Salient Object Subitizing
This work addresses the challenge of quickly estimating salient object counts in images, which is incremental as it builds on existing CNN methods with a new dataset and synthetic training enhancements.
The paper tackles the problem of predicting the existence and number of salient objects in images using holistic cues, achieving prediction accuracy comparable to human performance for zero or one object and better-than-chance performance for multiple objects without localization.
We study the problem of Salient Object Subitizing, i.e. predicting the existence and the number of salient objects in an image using holistic cues.

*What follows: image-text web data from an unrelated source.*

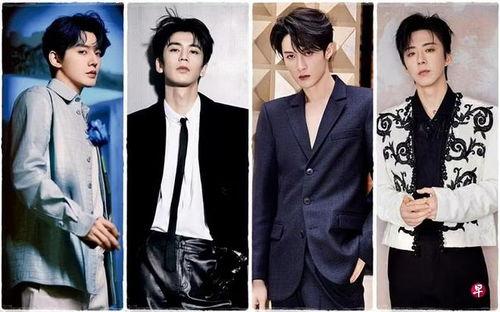 娱乐吃瓜爆料檀健次恋情,娱乐圈新恋情引发热议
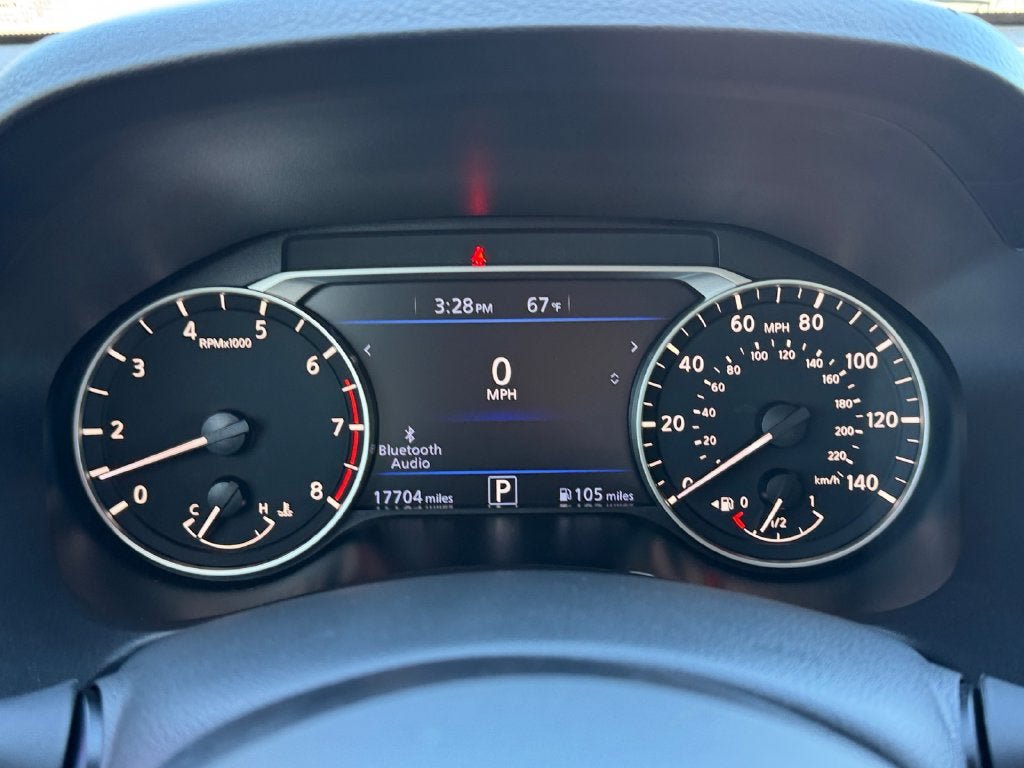 Used 2023 Nissan Altima 2.5 SV AWD/4WD image 15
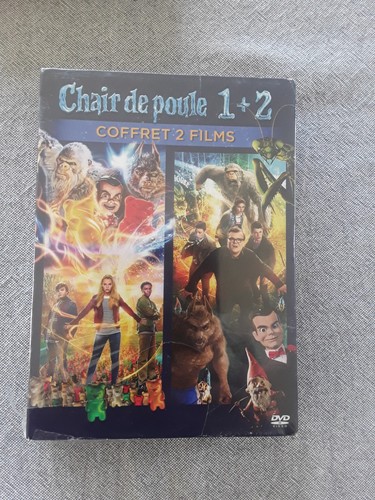 Coffret films dvd chair de - coffret,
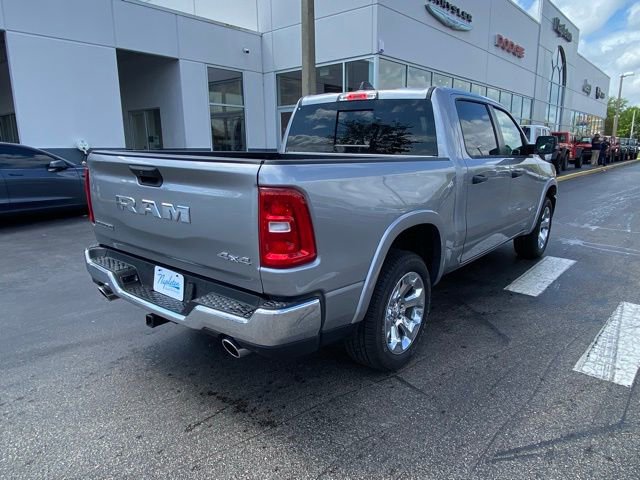 Used 2026 RAM 1500 Big Horn image 9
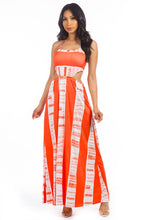 Load image into Gallery viewer, SUMMER MAXI DRESS
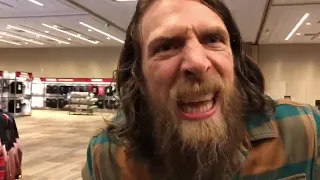 Daniel Bryan At The Rumble Superstore 19 (Epic Promo)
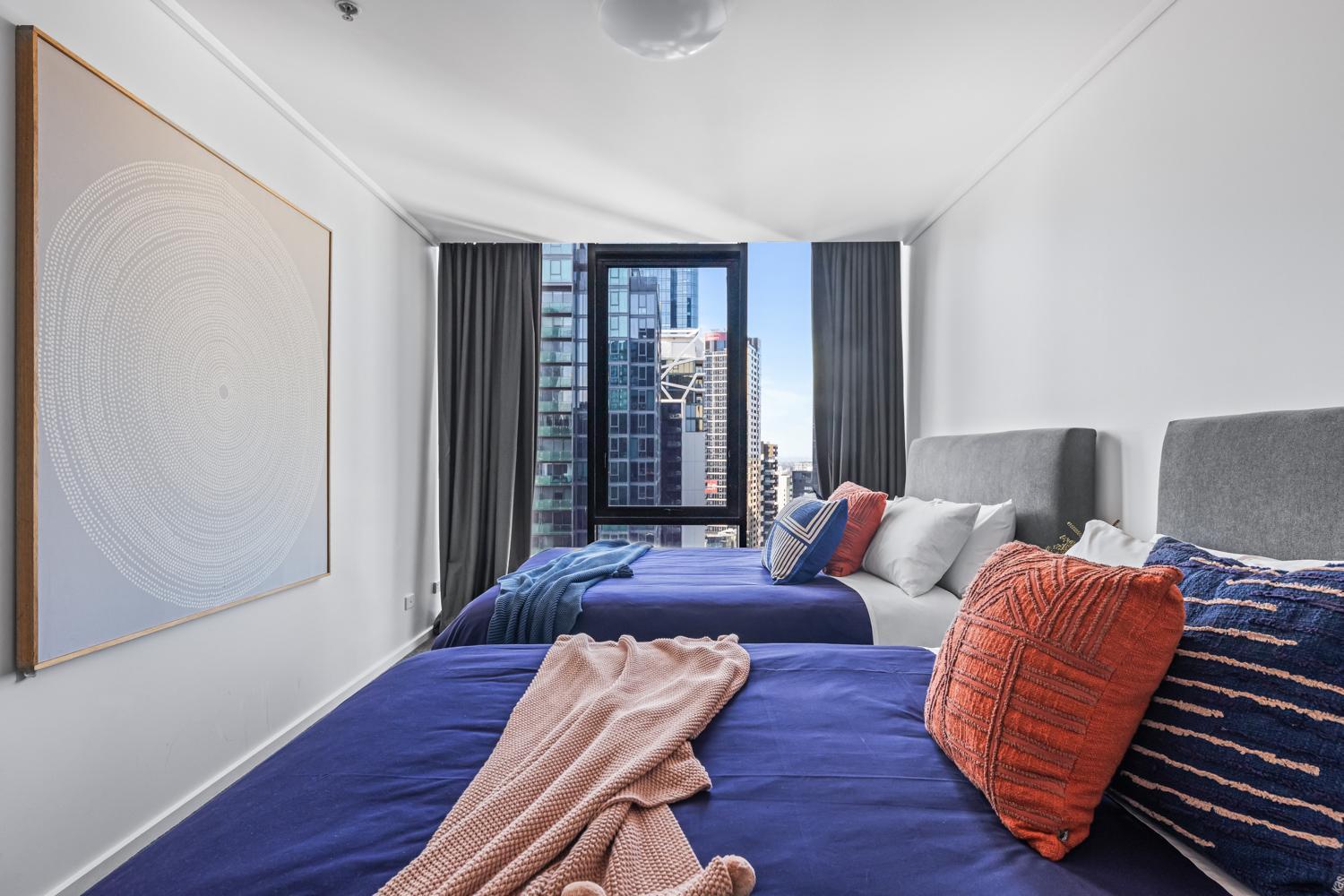 Nook Melbourne Apartments Exteriör bild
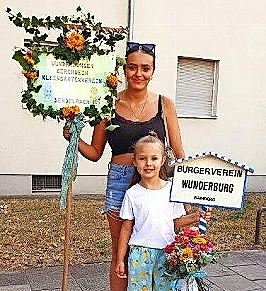 Ein Fest, das Groß und Klein begeistert.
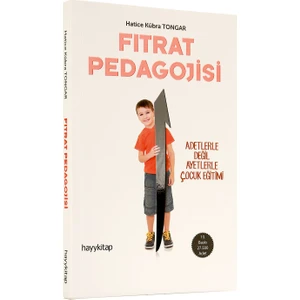 Fıtrat  Pedagojisi (İmzalı) - Hatice Kübra Tongar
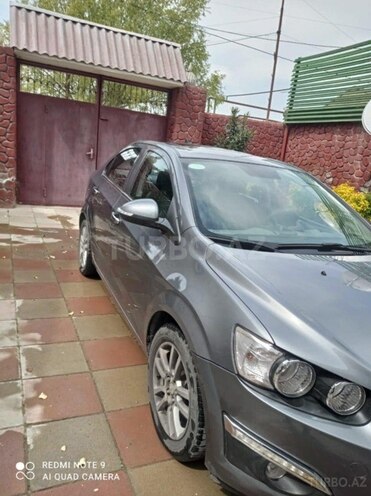 Chevrolet Aveo 2014, 98,000 km - 1.6 l - Bakı
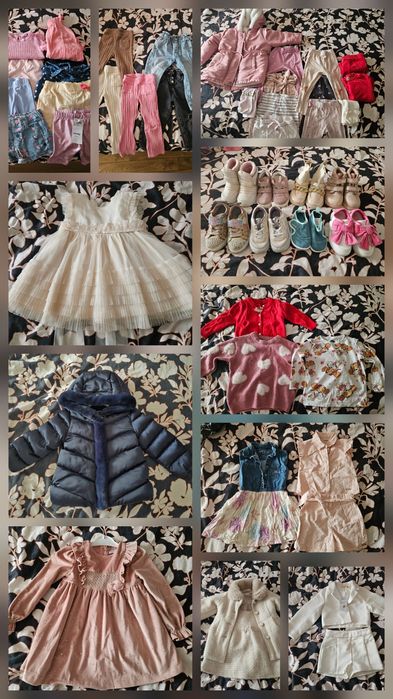Детски дрехи и обувки 98см (3г.) , 25 номер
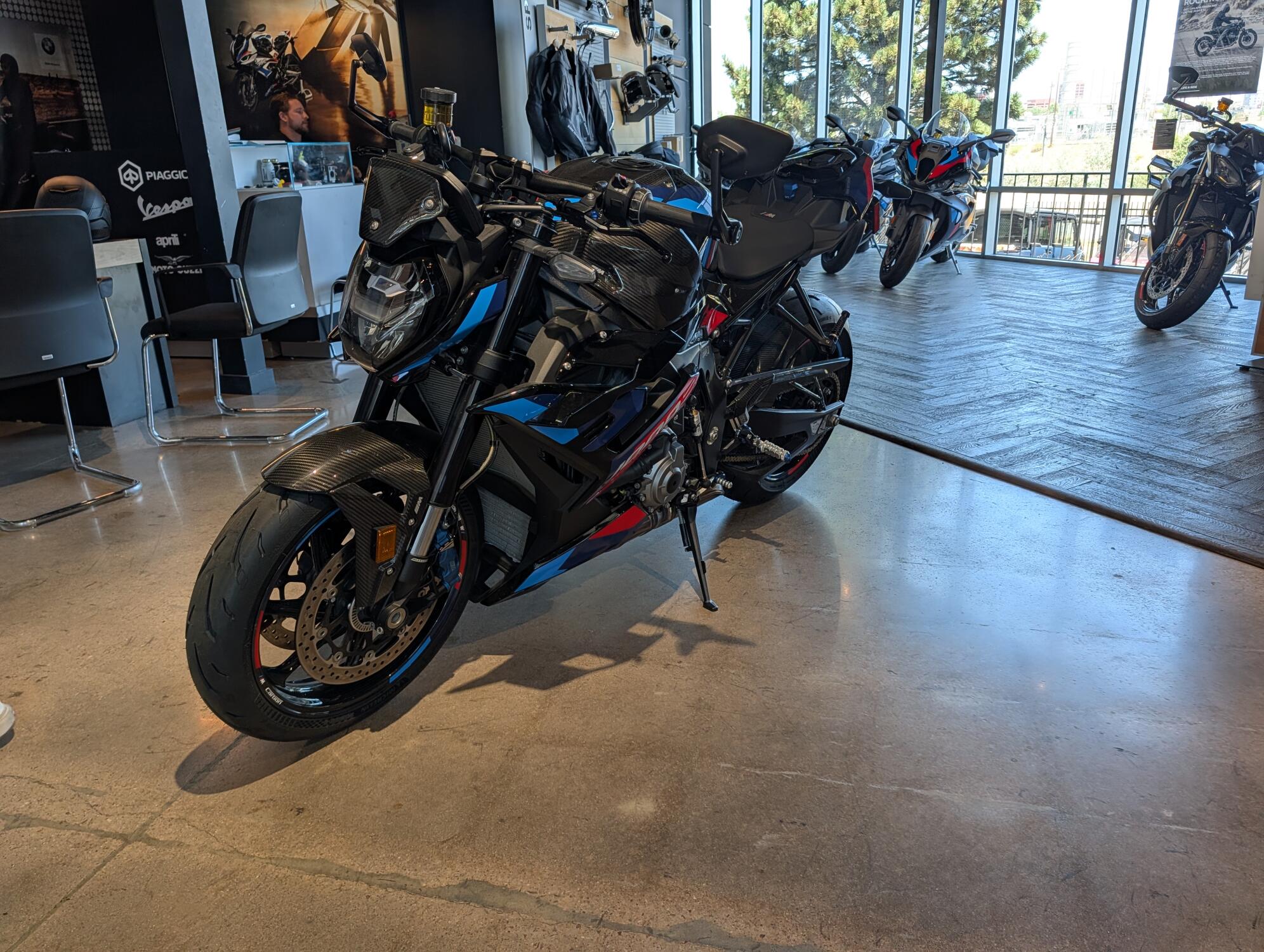 2023 BMW M 1000 R, photo 7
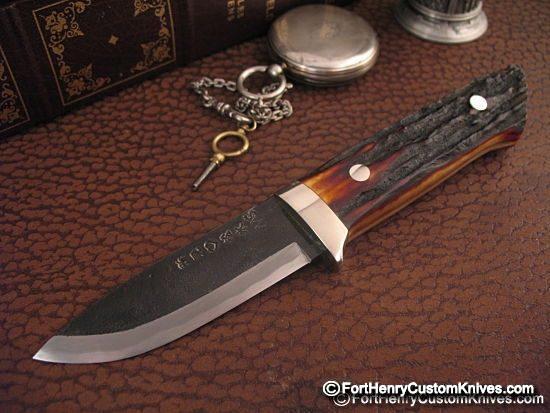 Takeda - Loveless Stag Drop Point Hunter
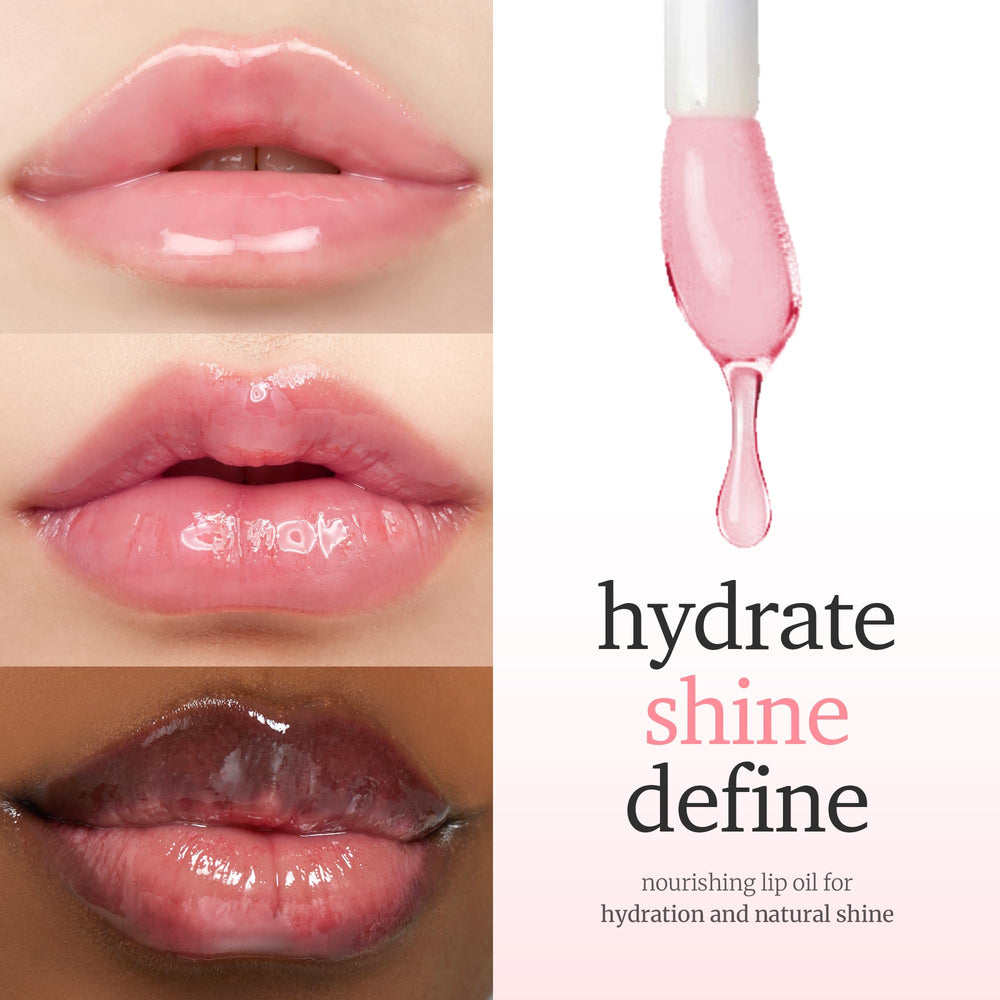 NOONI Applepeony léger effet volumisant pour bouche pulpeuse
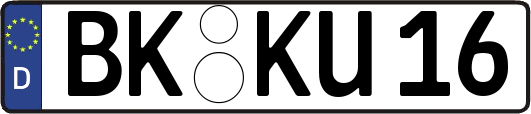 BK-KU16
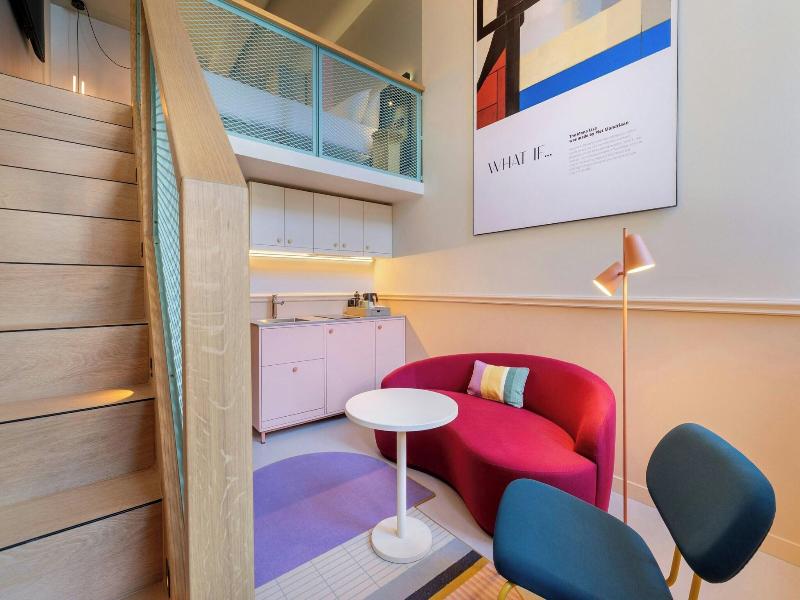 The Rebyl Nijmegen A Tribute Portfolio Hotel - Oda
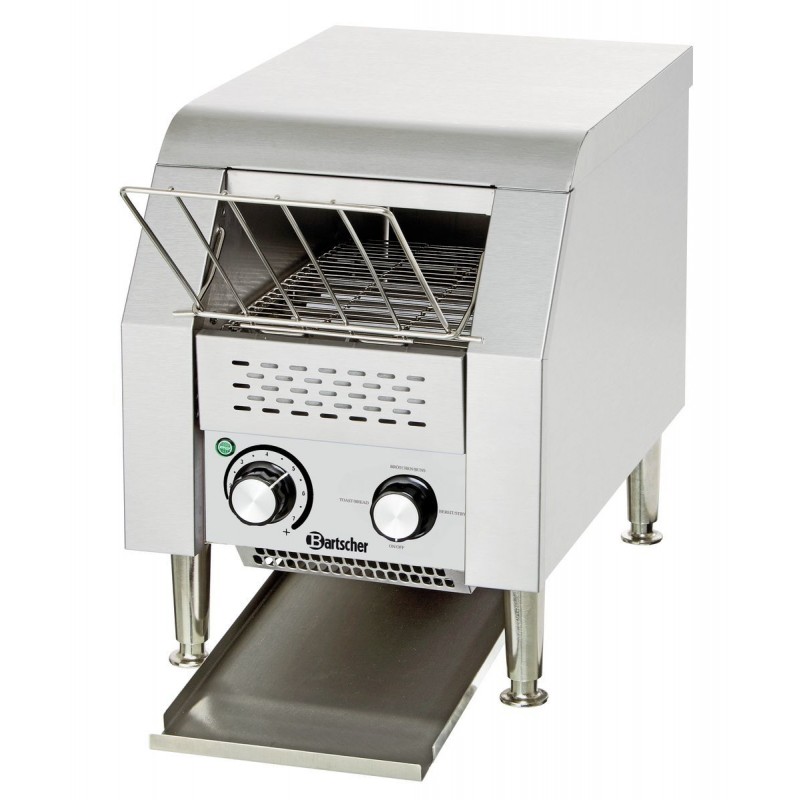 Grill pain convoyeur Dim : 285 X 420 X 390 mm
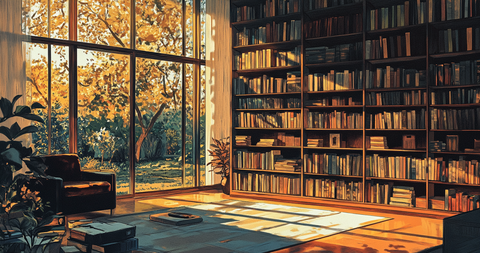 El Tesoro Literario del Juez: Una Historia de Libros y Oportunidades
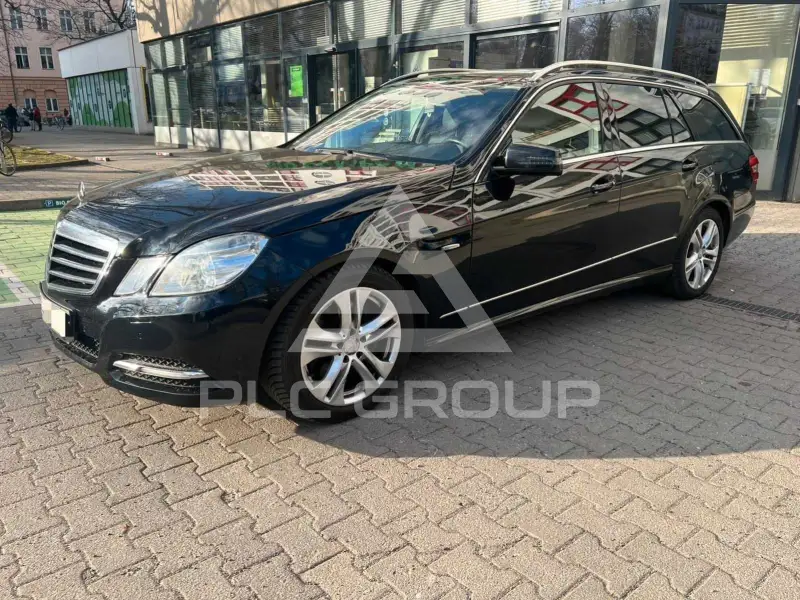 2011 Mercedes Benz E 350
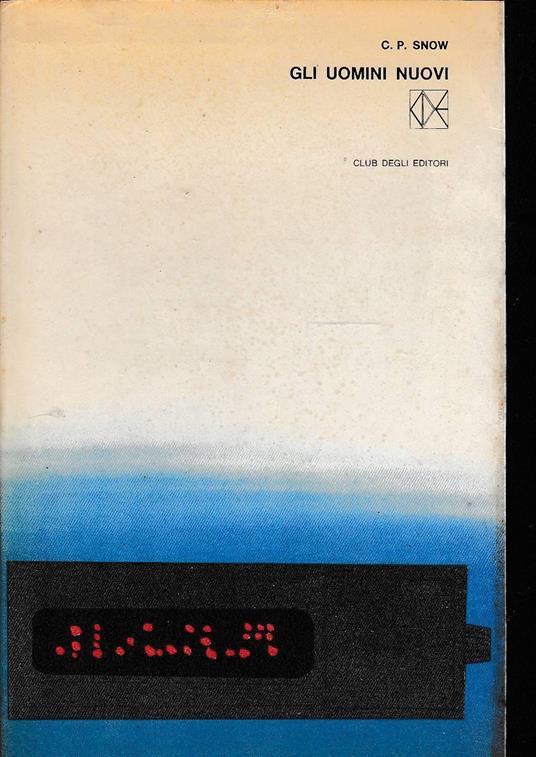 Gli Uomini Nuovi - copertina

This task is inspired by the ability of people to quickly and accurately identify the number of items within the subitizing range (1-4). To this end, we present a salient object subitizing image dataset of about 14K everyday images which are annotated using an online crowdsourcing marketplace. We show that using an end-to-end trained Convolutional Neural Network (CNN) model, we achieve prediction accuracy comparable to human performance in identifying images with zero or one salient object. For images with multiple salient objects, our model also provides significantly better than chance performance without requiring any localization process. Moreover, we propose a method to improve the training of the CNN subitizing model by leveraging synthetic images. In experiments, we demonstrate the accuracy and generalizability of our CNN subitizing model and its applications in salient object detection and image retrieval.